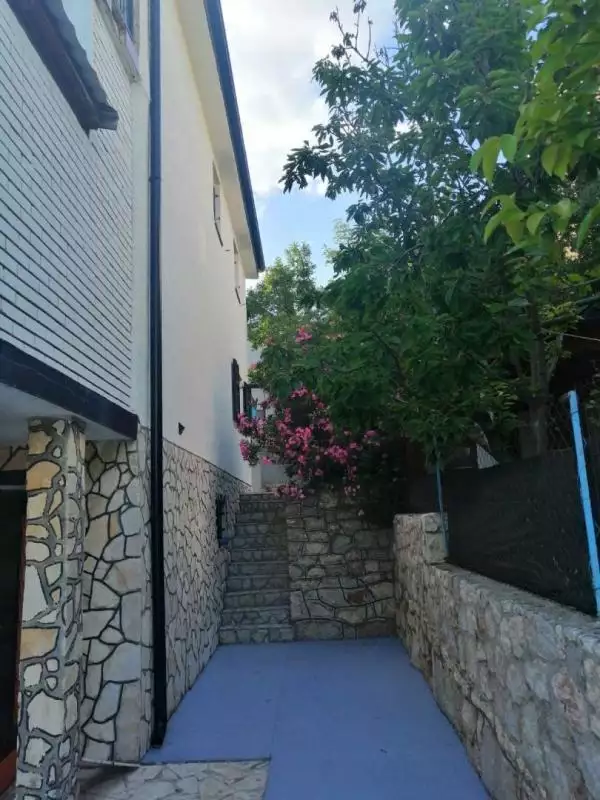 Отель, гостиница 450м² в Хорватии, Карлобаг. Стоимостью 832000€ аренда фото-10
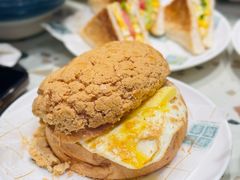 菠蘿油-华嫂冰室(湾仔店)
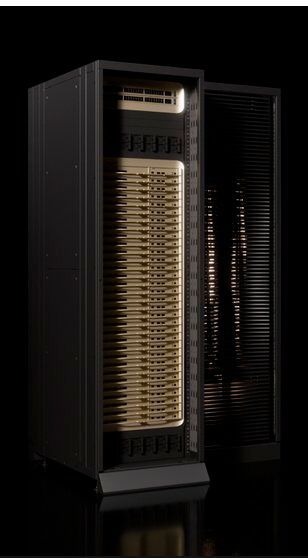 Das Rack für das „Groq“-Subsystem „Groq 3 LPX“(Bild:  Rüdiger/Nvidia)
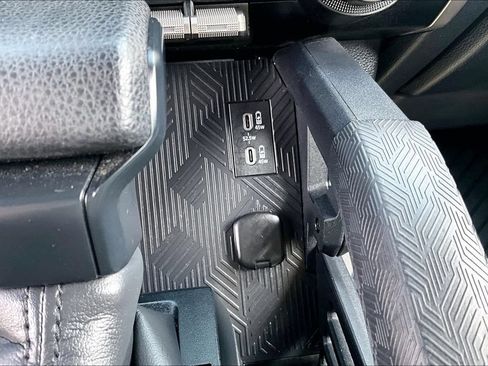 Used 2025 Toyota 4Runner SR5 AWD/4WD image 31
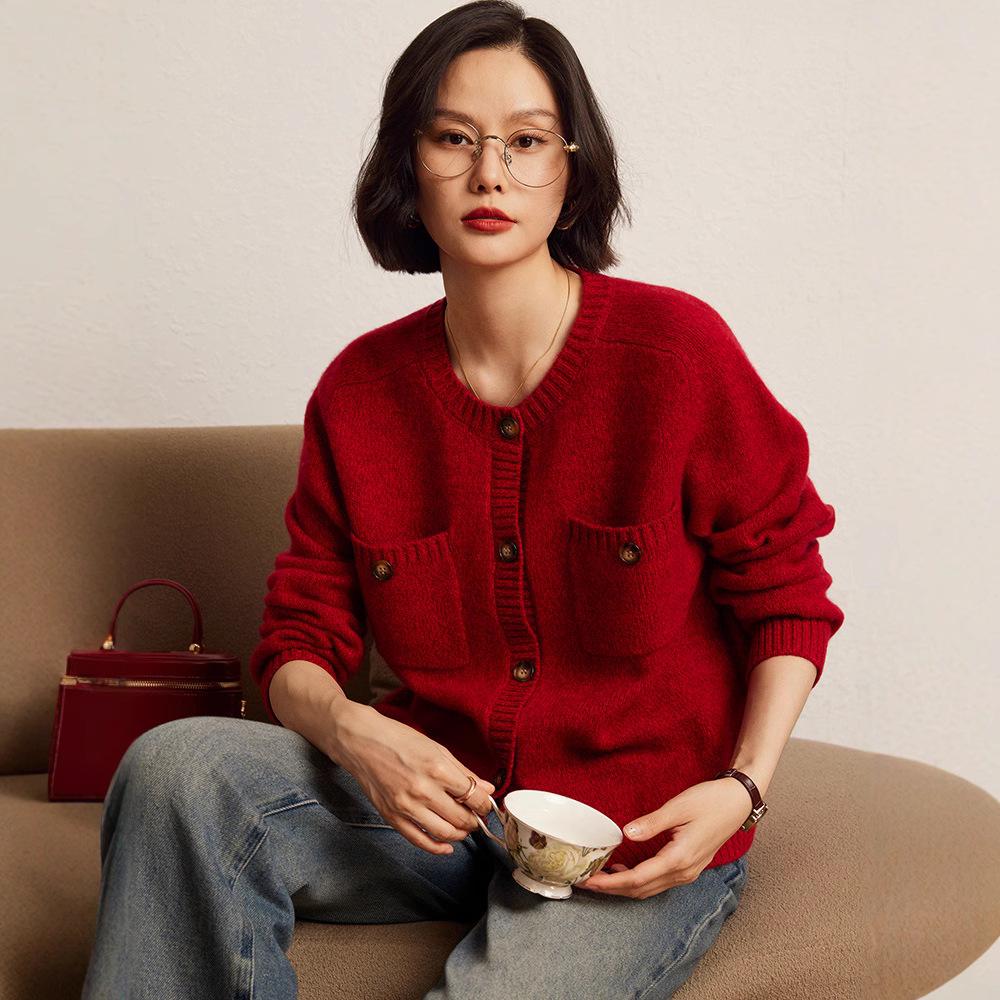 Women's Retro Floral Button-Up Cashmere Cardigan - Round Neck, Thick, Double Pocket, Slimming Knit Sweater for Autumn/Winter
* * *
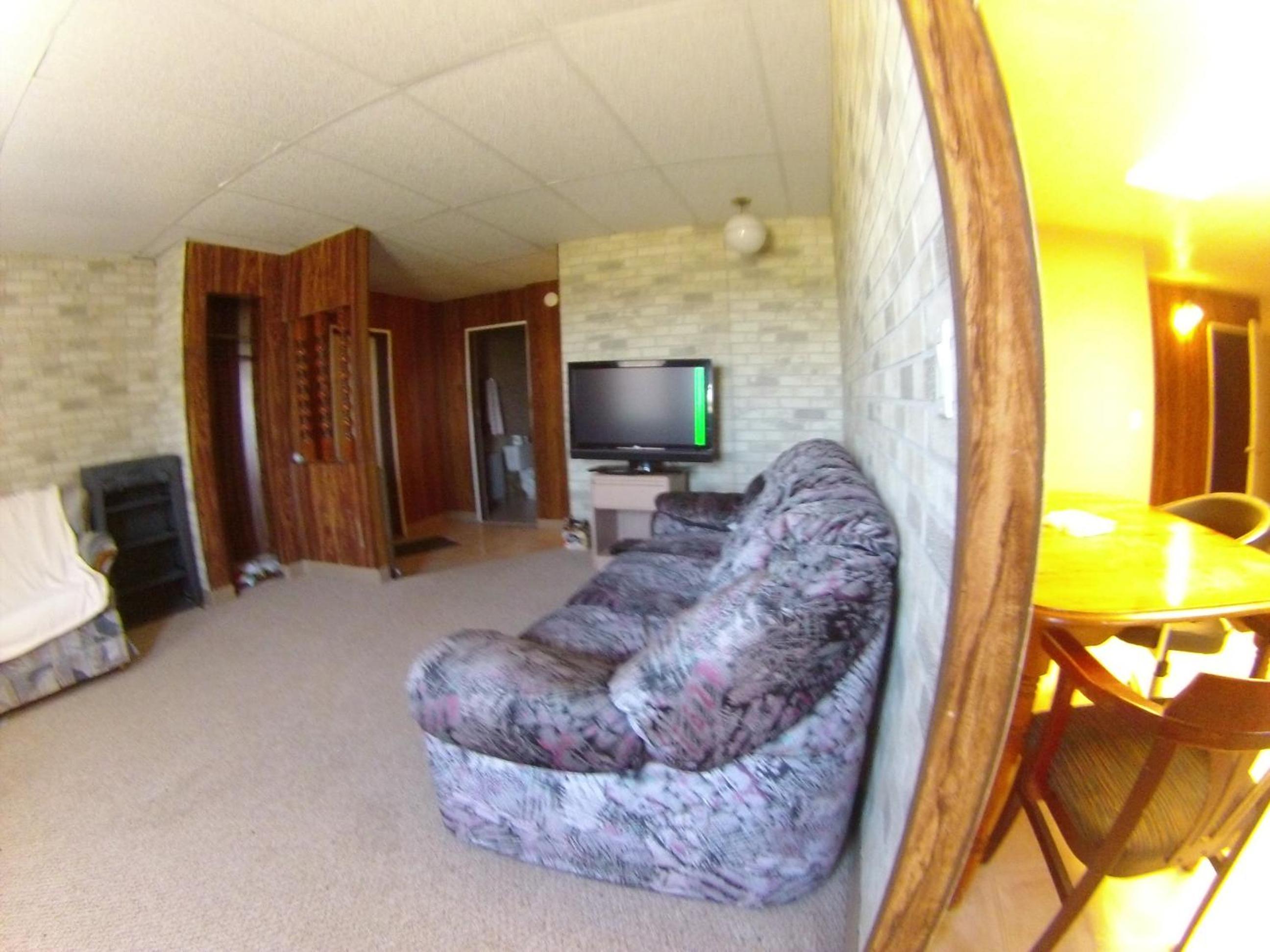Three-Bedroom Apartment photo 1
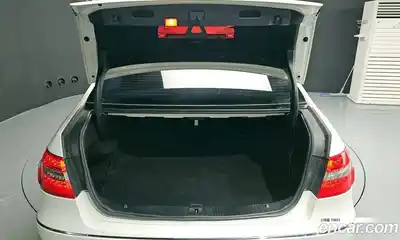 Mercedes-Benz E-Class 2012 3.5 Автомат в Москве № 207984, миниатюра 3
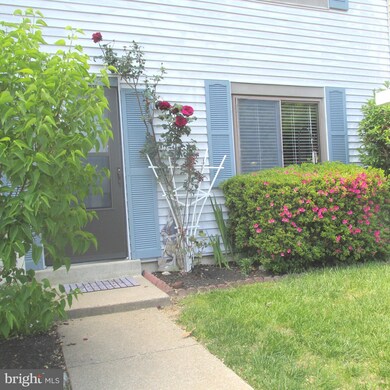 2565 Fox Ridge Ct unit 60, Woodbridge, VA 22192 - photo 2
--
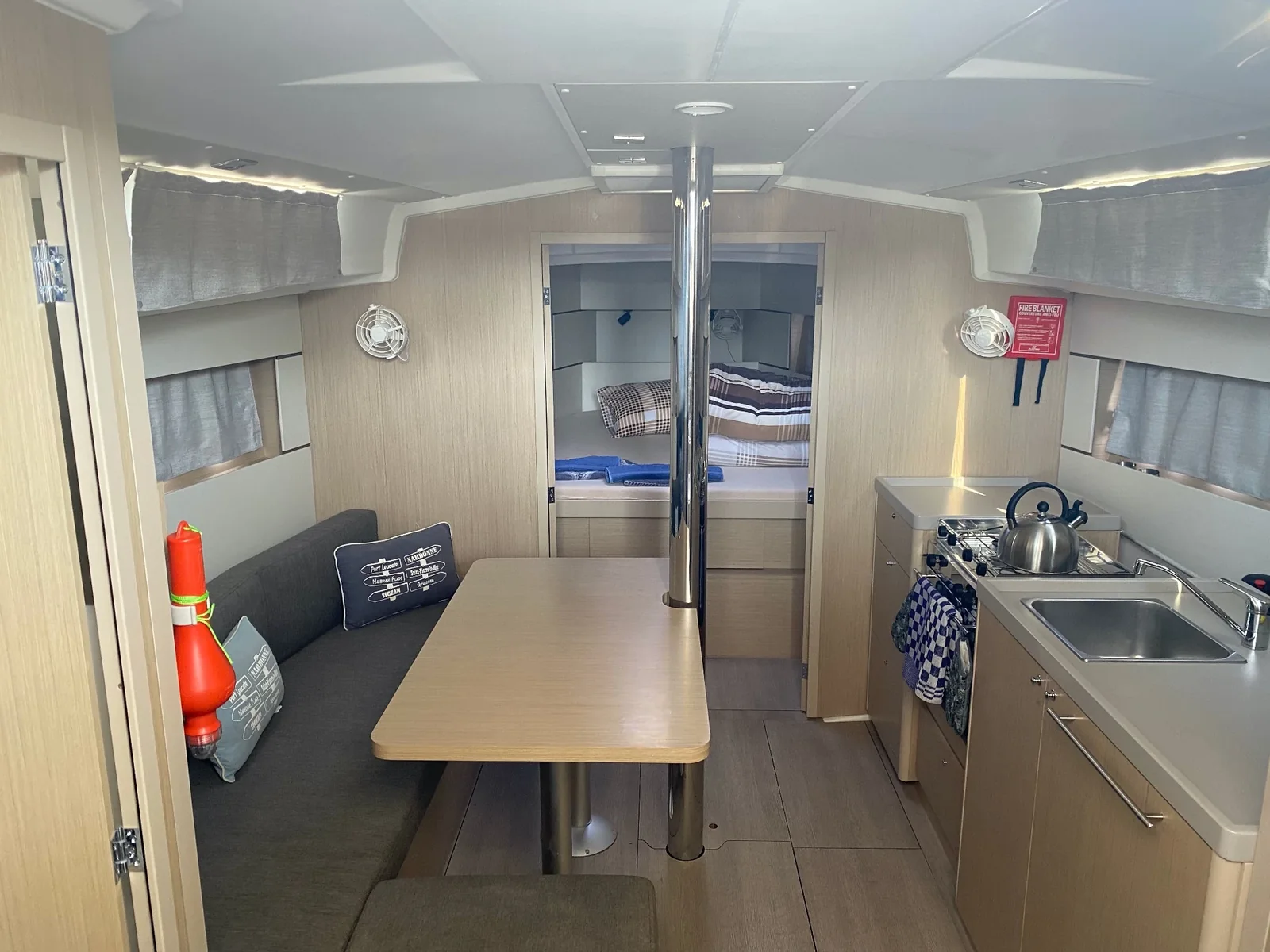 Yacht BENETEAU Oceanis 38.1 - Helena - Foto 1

Work item: Your reply is to be an exact repeat of the listing above from the line holding "Mercedes-Benz E-Class 2012" down to the line holding "2565 Fox Ridge", ends included, pictures excluded.

Task response:
 Mercedes-Benz E-Class 2012 3.5 Автомат в Москве № 207984, миниатюра 3
 2565 Fox Ridge Ct unit 60, Woodbridge, VA 22192 - photo 2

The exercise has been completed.